– Ну, что… В кино всегда целуются, когда сядут на лавочку. Нам что, нельзя?
Иришка потупившись, прошептала:
– У меня ТАКОГО никогда не было.
Я чуть не ляпнул: «Не было, так будет!». Но попридержал свой нрав до подходящей минуты. Не спугнуть бы, робкую пташку! Не то не увижу концовку романа, который и так чуть не оборвался. А так хотелось прочесть его до конца… Болтают, девчонки созревают быстрее, чем мальчишки. Но здесь я бы дал ей фору в амурных кувырканиях. Ещё в школе мы вытворяли на продлёнках такие кардебалеты с одноклассницами! Учителя уйдут по личным делам, а мы – швабру в двери, и давай тискать девчонок! Они визжат, носятся меж партами, да выскочить наружу не могут – кто-нибудь всегда на шухере стоял. Лепота…
Ира тихо прошептала:
– Только если один раз. В щёчку…
В щёчку, так в щёчку. Лиха беда начало! Моё чмоканье эхом разнеслось по безлюдному парку.
Иришка замерла. Тогда я ещё раз чмокнул её. Чего терять возможность?
Она отстранилась:
– Хватит. Ещё кто-нибудь увидит. Пора домой, а то твоя бабушка будет волноваться.
Да мне было пофиг волнение бабули, когда такая каша заваривается. Я размечтался о бо̀льшем в наших отношениях. А пока мы шли обратно, Иришка открыла страшную тайну:
– Мне мама говорила, что целоваться можно только взрослым, не то это… Ещё дети появятся.
– Да ты что! – засмеялся я как можно равнодушнее. И решил её подвигнуть к новым интимным подвигам (не останавливаться же на щёчках!): – До детишек ещё далеко.
Кажется, я убедил её. И она уже шла гордая собой. А то!..
Уже на пороге эта Ирулина повернулась и показала острый язычок. Прыснув, скрылась в дверях. Ах, ты такая-сякая проказница! Заразила-таки сладостной болезнью, теперь издевается.

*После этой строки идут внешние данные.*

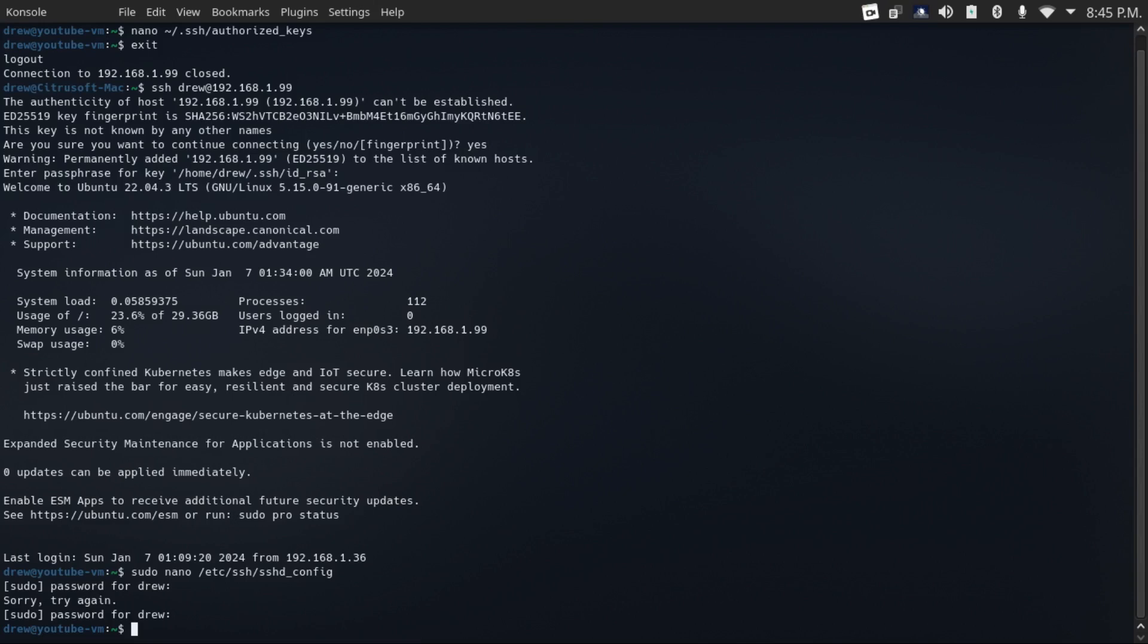To take away sudo privileges from a user, just do sudo deluser and then the username sudo.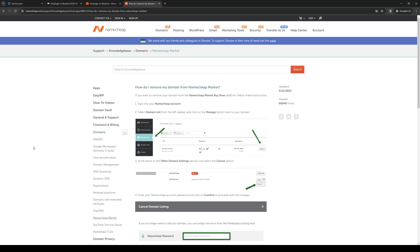To do this is quite simple. The first order of business is to log into your Namecheap account, and once you're in the dashboard you want to navigate to the domain list tab as shown here.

В общем. приходилось встречаться тайком, когда бабулька отлучалась. По её сердитому бурчанию понимал: она не горела желанием оправдываться перед чужой мамкой за её обрюхатенную дочку. Тут с любимой родственницей возникали явные внутриполитические расхождения.
* * *
Наша идиллия с Иришкой развивалась классически: ну, там бесконечные прогулки по вечерам – то в заброшенном парке у больницы, то вдоль затона или канала. Мы болтали об общих прочитанных книгах, о других странах, которые – несомненно! – посетим, о том, кто кем хочет стать. Затаённые вздохи, сначала робкие, затем перерастающие во всё более страстные, лобызания. Но никак не получалось закончить мелодраму ПО-СЕРЬЁЗНОМУ. Она всё упиралась! В результате мы начинали дуться друг на друга. И не разговаривали по суткам. Хотя видел: Иришка не хочет разрывать отношения. Что же её привлекало во мне? Я был уверен, что именно моя наглость. У нас завсегда говорили, что наглость – второе счастье. А кто ж не хочет быть счастливым?